Google's Search tool has seen a number of improvements to its algorithm aimed at fighting specific issues over the years, and the newest tweaks, aimed at finding and shooting down fake news, come alongside the announcement of two new features meant to help users give Google feedback on results, and to help with transparency in Search results. In order to combat the roughly 0.25% of search queries each day that are reported as turning up content that's offensive, false, or otherwise not useful, Google is making changes to the way they handle search result ranking, and is laying out new guidelines for their human content raters. They're also rolling out a tool to make reporting bad results and giving feedback easier, and they're publishing updated policies and service breakdowns so users can get a better sense of how their favorite Google services work.

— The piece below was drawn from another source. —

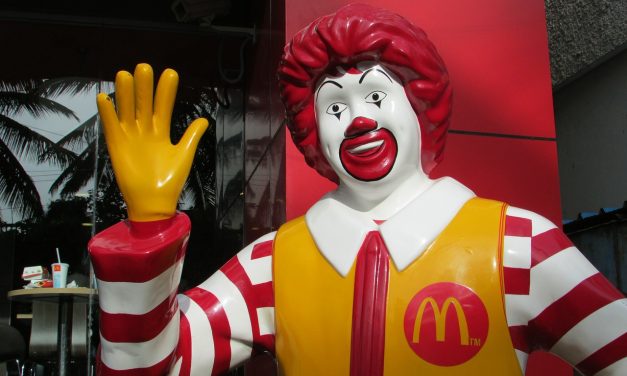 Papírra cseréli műanyag szívószálait a McDonald’s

The new guidelines for content raters are a cornerstone of the fight against offensive and factually wrong content climbing the Search rankings. While content raters still have minimal pull with each decision, their collective rating power will now be used to help weed out baseless conspiracy theories, blatantly and intentionally incorrect content, hoaxes, and offensive Search results that Google determines users weren't looking for. This will result in changes to Google's algorithms for Search in itself, but Google is also actively working to feed it more data on what kinds of results it should be demoting; previously, development of the algorithm has focused mainly on results that should be promoted, and let the content raters take care of demoting content.
On the user side, Google has introduced a new feedback tool, shown in the GIF images below, that allows users to provide feedback on both autocomplete results and Search results. Users can let Google know if a result is inappropriate for any reason, and in the case of Search results, if a result is inaccurate or irrelevant. Meanwhile, documentation found in the Help Center and the How Search Works website is being updated and expanded to help users gain a better understanding of the work that goes into Search, and exactly why they may have seen a result that either offended them or was irrelevant to what they were actually searching for.